The biggest comeback kid on Wall Street is 126 years old.
General Electric’s (GE) stock price has spiked 67% since crashing to $6.45 in mid-December.
The staggering rally reflects a sense that the crisis phase at GE is finally over. CEO Larry Culp, who took the job in October, has impressed investors by moving with a sense of urgency to raise gobs of cash that can be used to pay the mountain of debt he inherited.
“GE is making rapid progress in its transformation plan,” CFRA analyst Jim Corridore wrote in a report Monday.
Up 47% so far this year, GE is the fourth-best stock in the S&P 500 in 2019. That’s a far cry from last year, when it was in such a nosedive that it got kicked out of the exclusive Dow Jones Industrial Average.

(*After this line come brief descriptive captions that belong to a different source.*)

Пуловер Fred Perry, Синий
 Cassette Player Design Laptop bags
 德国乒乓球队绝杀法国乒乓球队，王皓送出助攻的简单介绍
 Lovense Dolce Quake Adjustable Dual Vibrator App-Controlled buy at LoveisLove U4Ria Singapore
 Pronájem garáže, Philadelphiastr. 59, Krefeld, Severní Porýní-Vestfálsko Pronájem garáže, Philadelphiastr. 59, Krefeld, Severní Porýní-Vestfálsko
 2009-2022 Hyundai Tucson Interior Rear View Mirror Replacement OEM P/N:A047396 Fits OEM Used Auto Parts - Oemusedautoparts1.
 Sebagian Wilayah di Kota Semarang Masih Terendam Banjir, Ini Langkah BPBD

“We are doing everything in our power to return GE to a position of strength,” Culp wrote in his inaugural annual shareholder letter on Wednesday.
GE, which makes everything from light bulbs to jet engines, has been blasted by analysts in the past for buying businesses at high prices and then selling them for much less. That buy high, sell-low history has come back to haunt GE. The company’s stock price collapsed by 75% between the end of 2016 and last year.
However, GE is suddenly getting credit for smart dealmaking.
No fire sale
Wall Street applauded GE’s decision to sell part — but not all — of its healthcare division. That’s a shift from GE’s earlier plan to say goodbye to the profitable and cash-rich business, likely through an IPO.
GE said Monday it would unload its BioPharma unit to Danaher (DHR), Culp’s former company. The sale raised $21.4 billion, or roughly seven times the unit’s annual revenue. That’s a rich price and gives GE yet more ammo to clean up the balance sheet.
“GE is thinking creatively and intelligently about how to restructure,” Corridore wrote.
GE has signaled that the breathing room created by the BioPharma sale will allow the company to put off an IPO of the profitable healthcare division.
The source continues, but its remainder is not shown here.